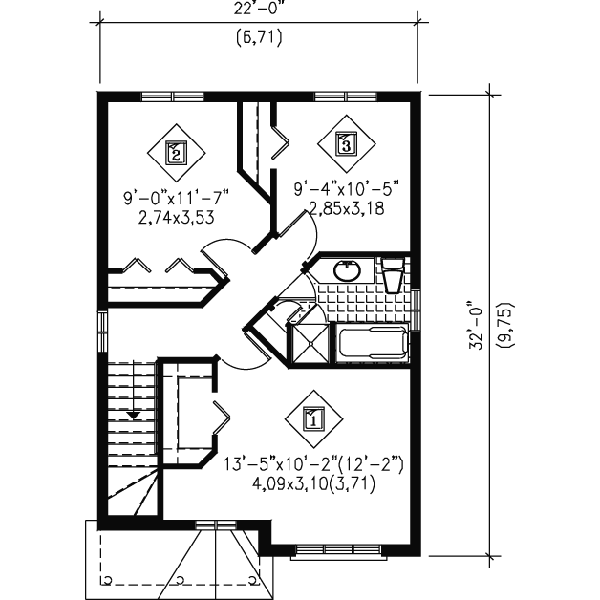House Plan Design - Traditional Floor Plan - Upper Floor Plan #25-4020
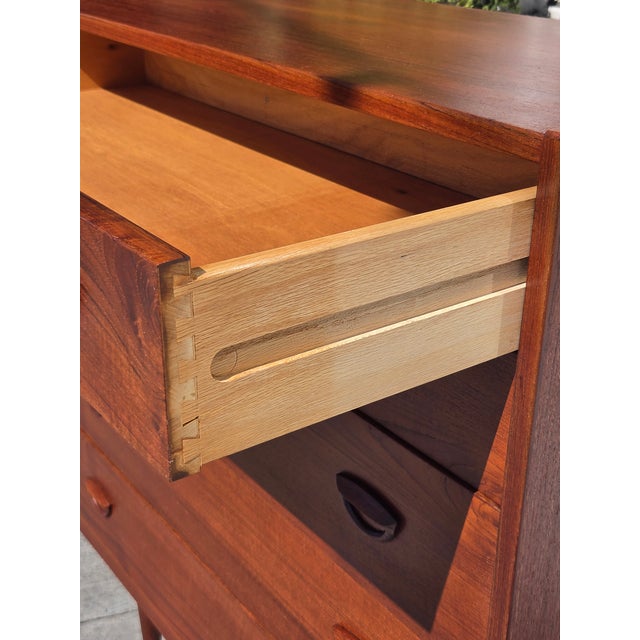 Auburn Mid- Century Danish Teak Kai Kristiansen Tall Dresser 5 Drawer For Sale - Image 8 of 15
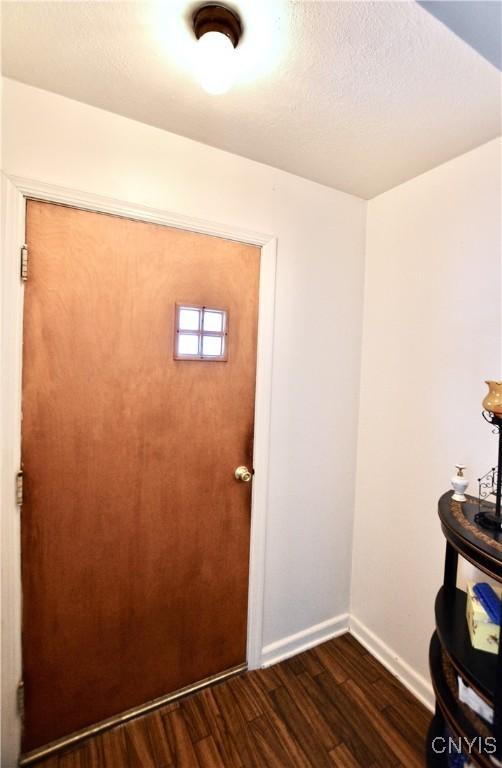 entrance foyer with dark hardwood / wood-style floors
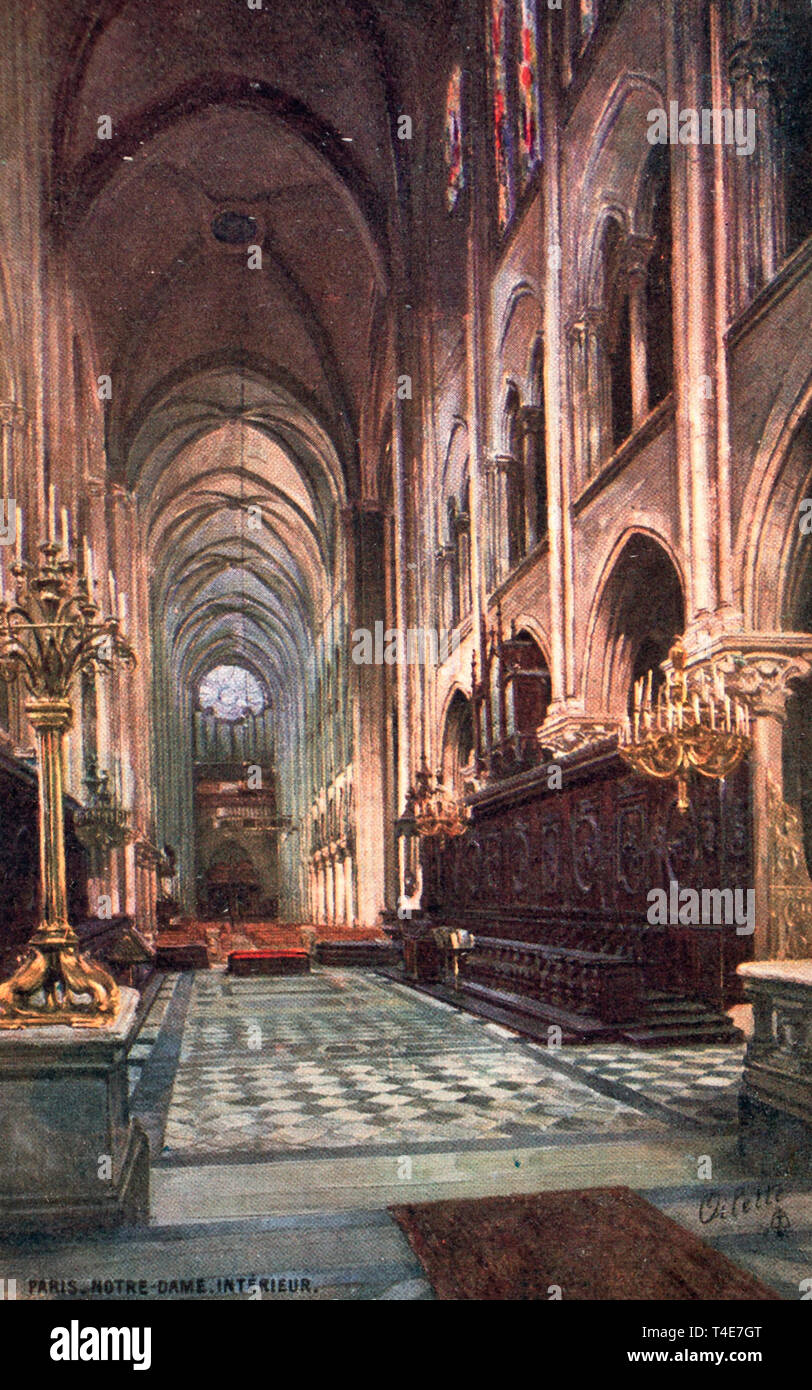 Postkarte der Innenraum der Kathedrale Notre Dame, Paris, um 1900 Stockfoto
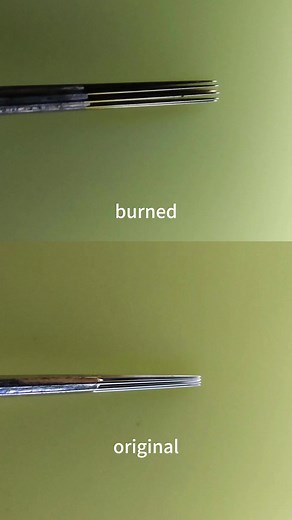 Burning tattoo needles if you don’t have RS needle😅#tattoomachine #tattooneedle #tattootip#fyp#cnctattoo #tattoobegginer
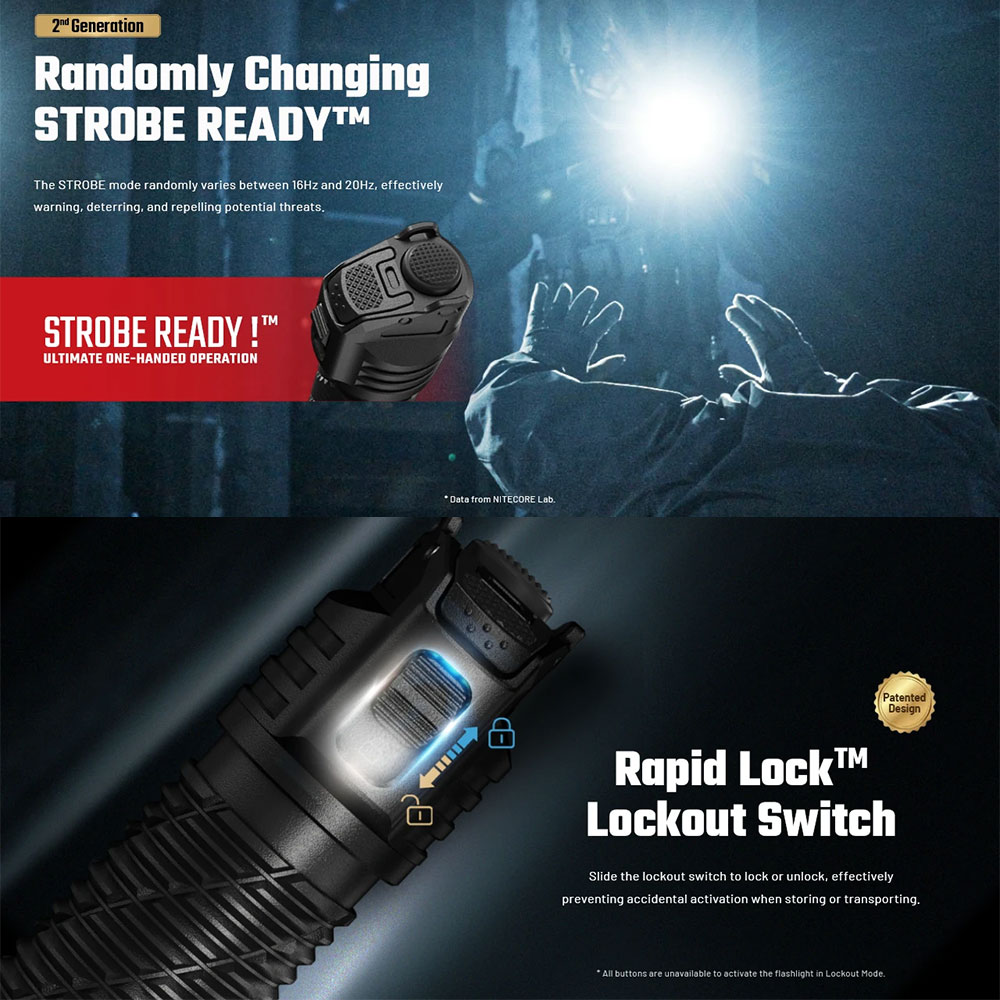 Gambar produk NITECORE Senter Taktikal LED Flashlight 3 Mode Beam IP68 5000 lumens - P27iX - 8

************

■ EXERCISE AIM: Every entry belongs in the answer exactly as written, but no picture does.

■ RESULT:
House Plan Design - Traditional Floor Plan - Upper Floor Plan #25-4020
 Auburn Mid- Century Danish Teak Kai Kristiansen Tall Dresser 5 Drawer For Sale - Image 8 of 15
 entrance foyer with dark hardwood / wood-style floors
 Postkarte der Innenraum der Kathedrale Notre Dame, Paris, um 1900 Stockfoto
 Burning tattoo needles if you don’t have RS needle😅#tattoomachine #tattooneedle #tattootip#fyp#cnctattoo #tattoobegginer
 Gambar produk NITECORE Senter Taktikal LED Flashlight 3 Mode Beam IP68 5000 lumens - P27iX - 8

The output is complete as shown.